*** Opening Material shown ***
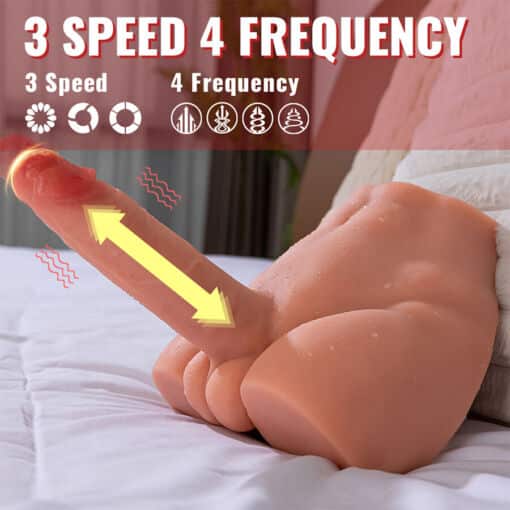 XISE - PEEL DILDO ASS MASTURBADOR DILDO REALÍSTICO POSICIÓN FRONTAL CON THRUSTING 17,5 CM - Imagen 11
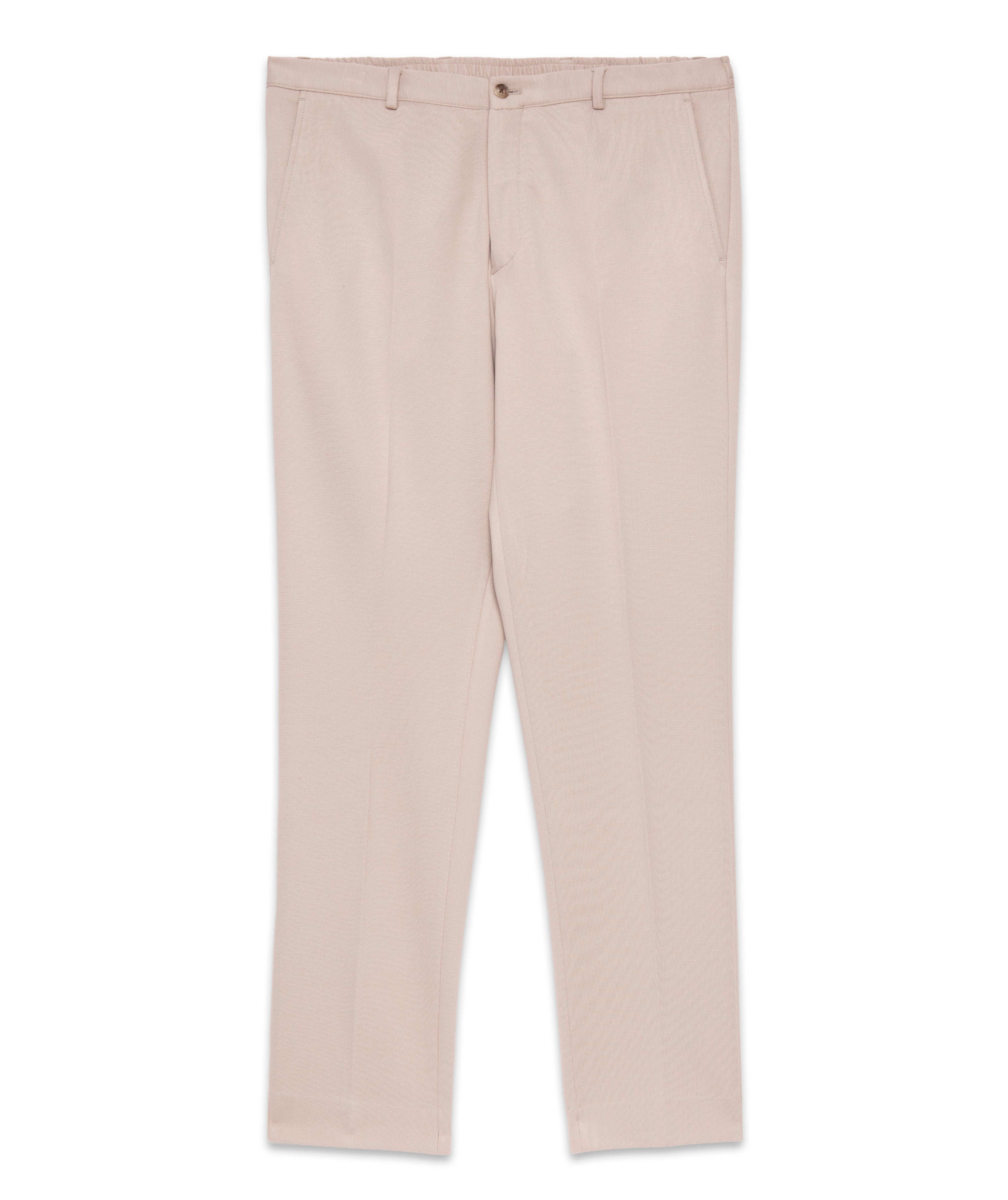 Elasticated Waist Stretch Jersey Tailored Trouser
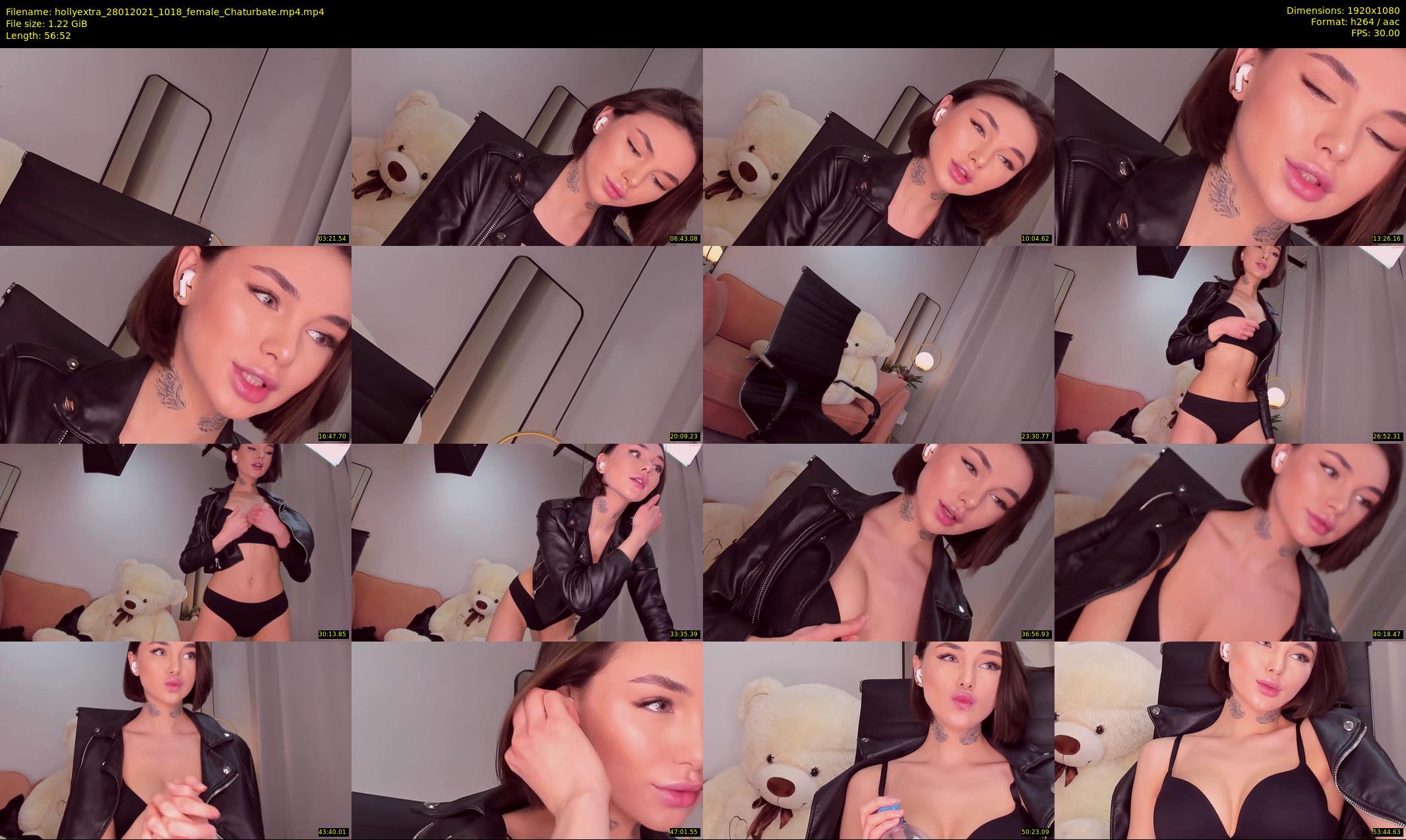 hollyextra — 57 minute Chaturbate female cam show recording, 1080p, Jan 28, 2021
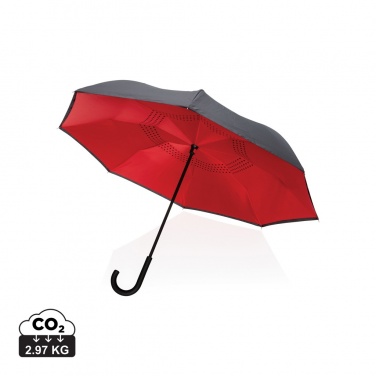 Logotrade advertising products photo of: 23" Impact AWARE™ RPET 190T reversible umbrella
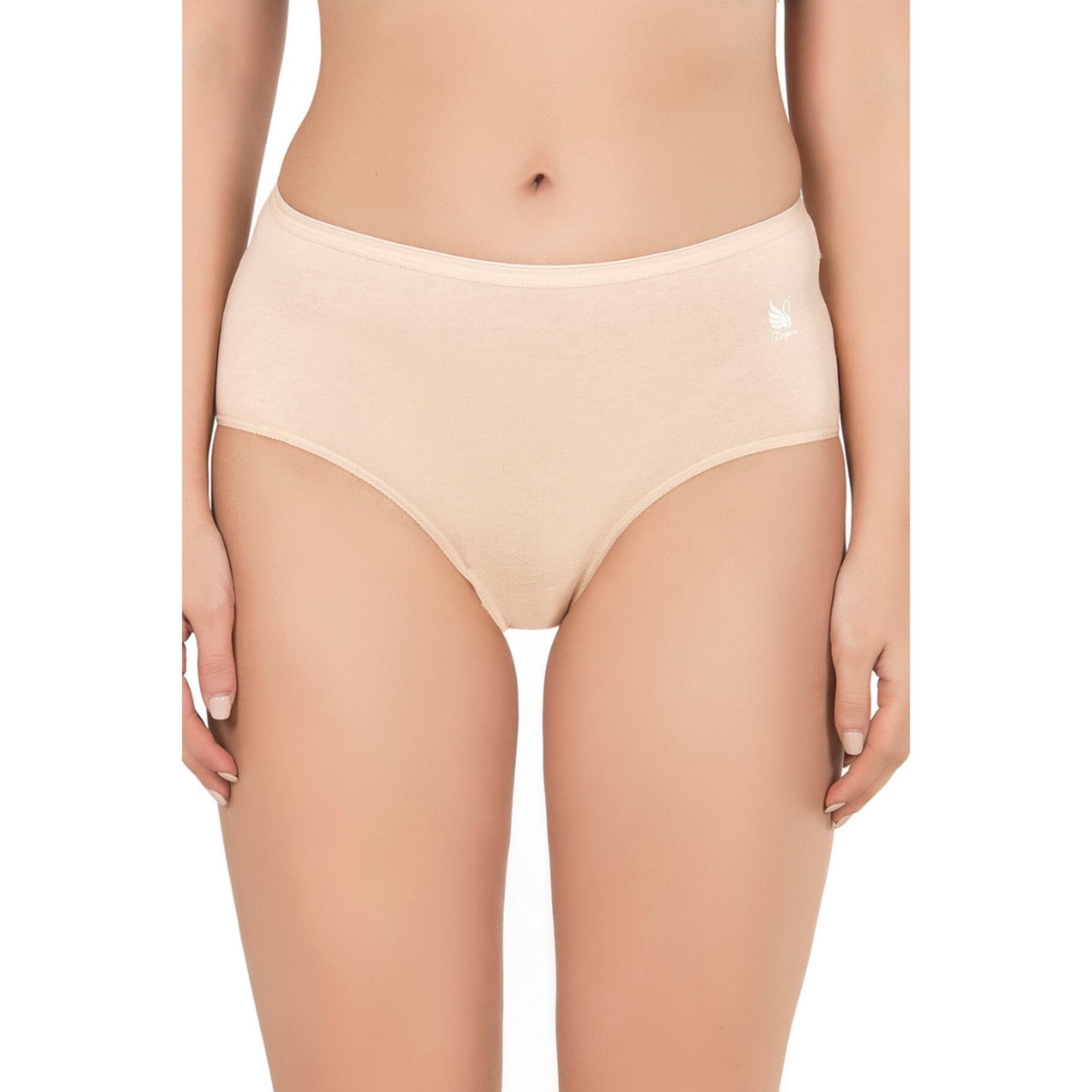 Women’s High-Waist Modal Cotton Panties – 3-Pack Seamless, Breathable, Full-Coverage Briefs (Black, Skin, White) - Velora
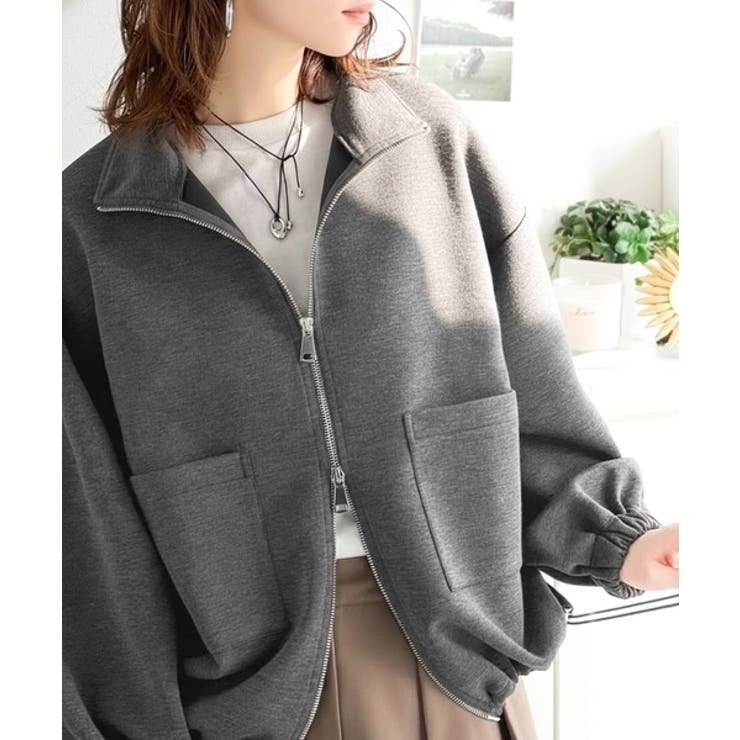 360度美フォルムを操る。ビッグポケット裾ドロストダブルジップダンボール素材ジャ… | Classical Elf  | 詳細画像13 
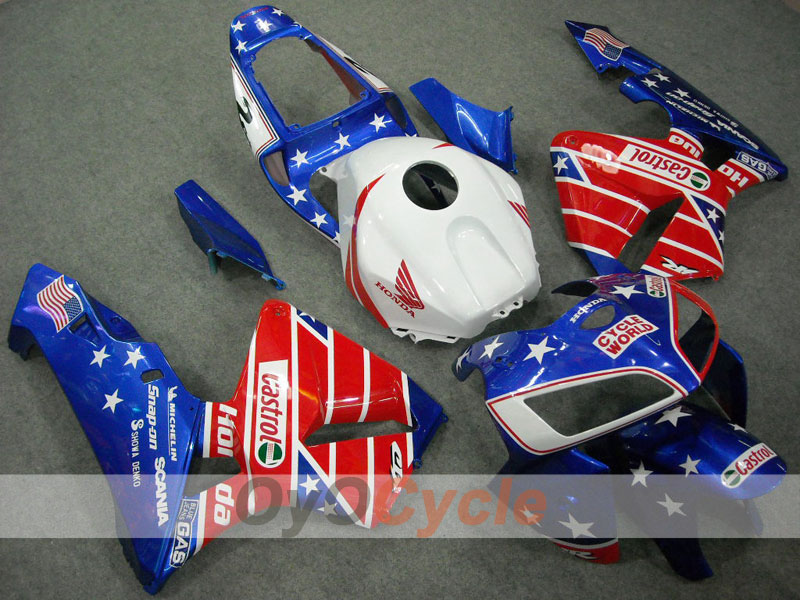 Kit de carenado por inyección para CBR600RR 05-06 - Rojo, Azul - Castrol #OYO87900234 Imagen secundaria del producto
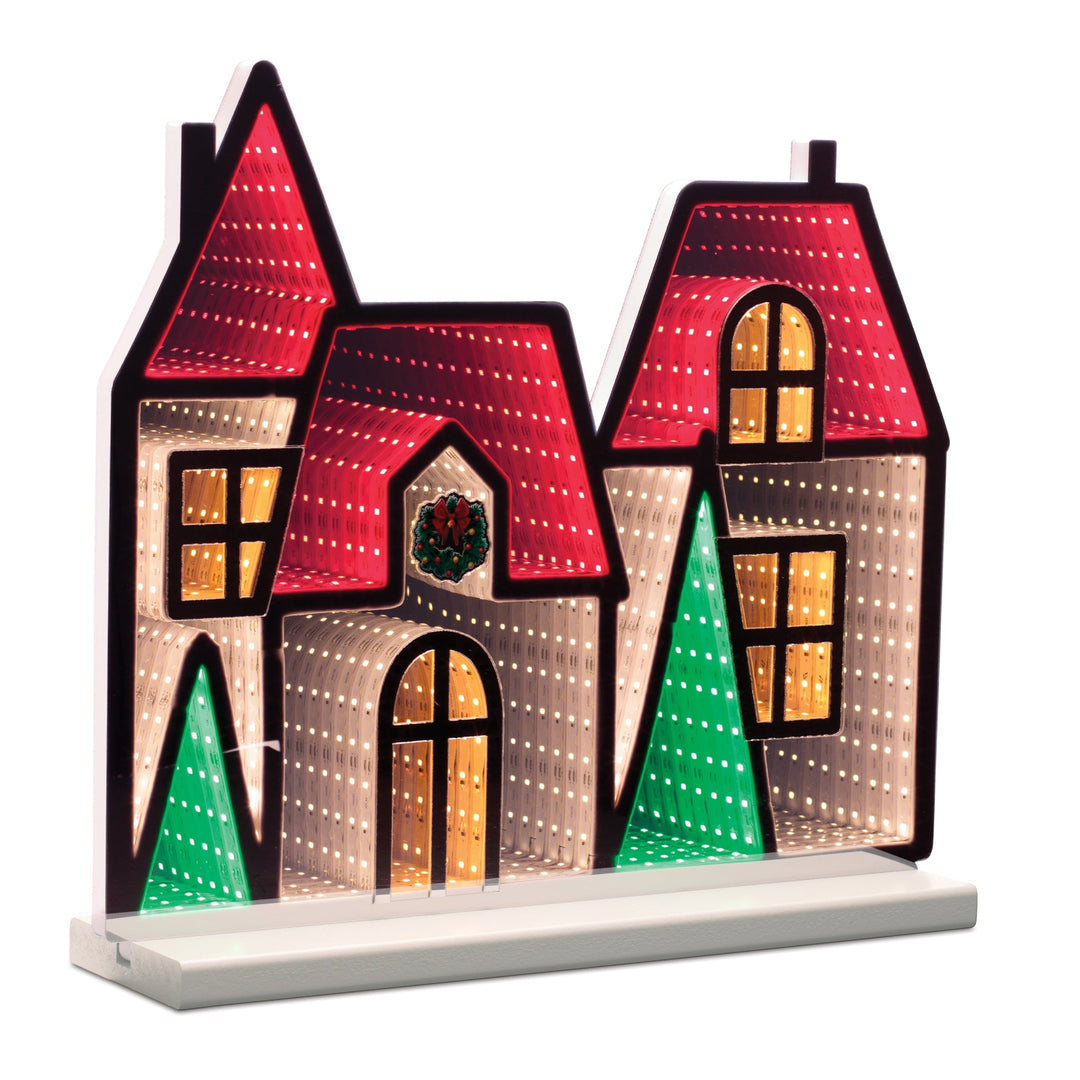 Winter Village Ekkolight 16"L, handcrafted Christmas gift, Grande Place, Lancaster County PA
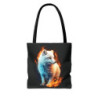 Fiery Fox Design Tote Bag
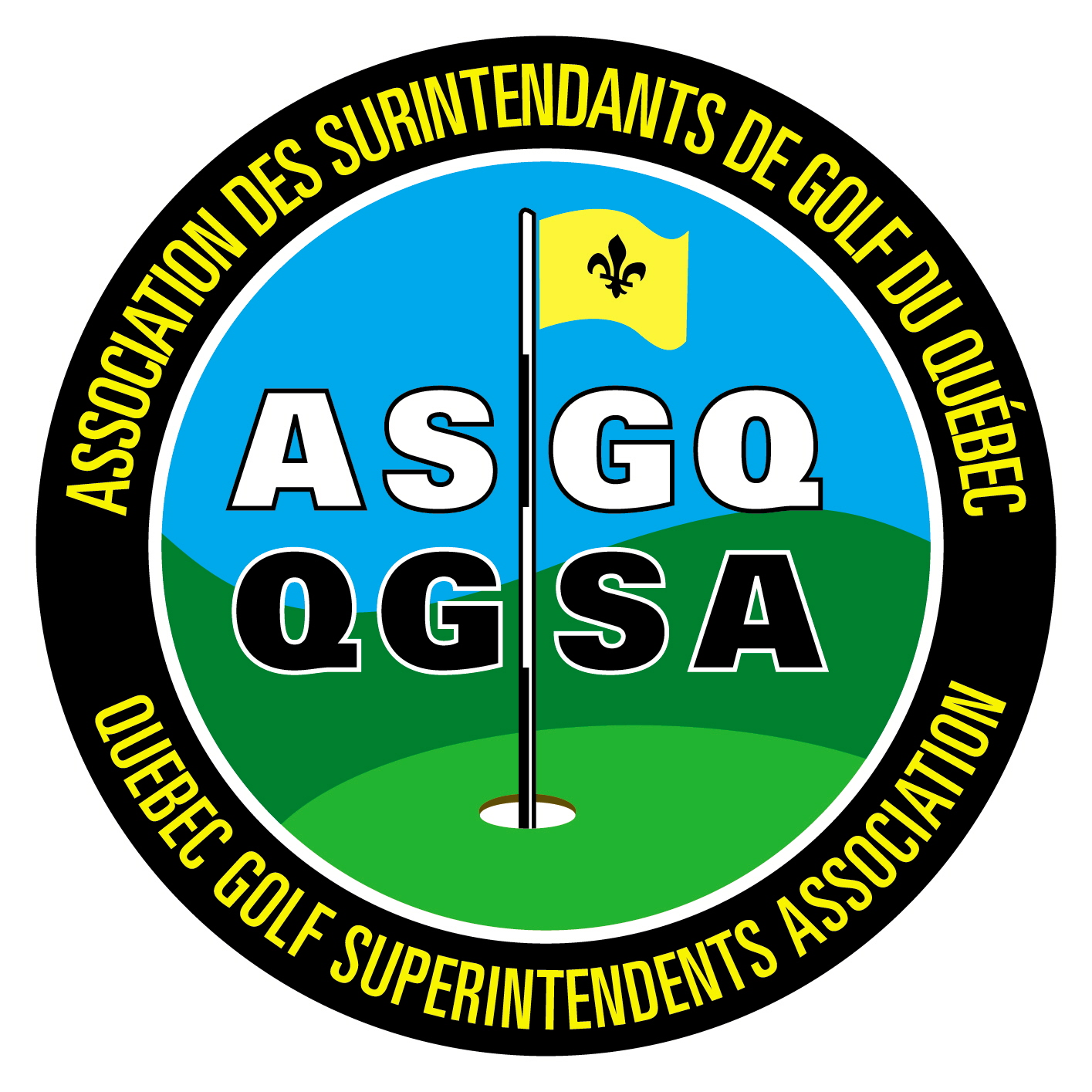 Logo ASGQ - Association des surintendants de golf du Québec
*** Closing Material shown ***
**The problem**
Please retype the lines from the one that contains "Fiery Fox Design Tote Bag" through the final line of the data, both included, without any pictures.

**Response to this exercise**
 Fiery Fox Design Tote Bag
 Logo ASGQ - Association des surintendants de golf du Québec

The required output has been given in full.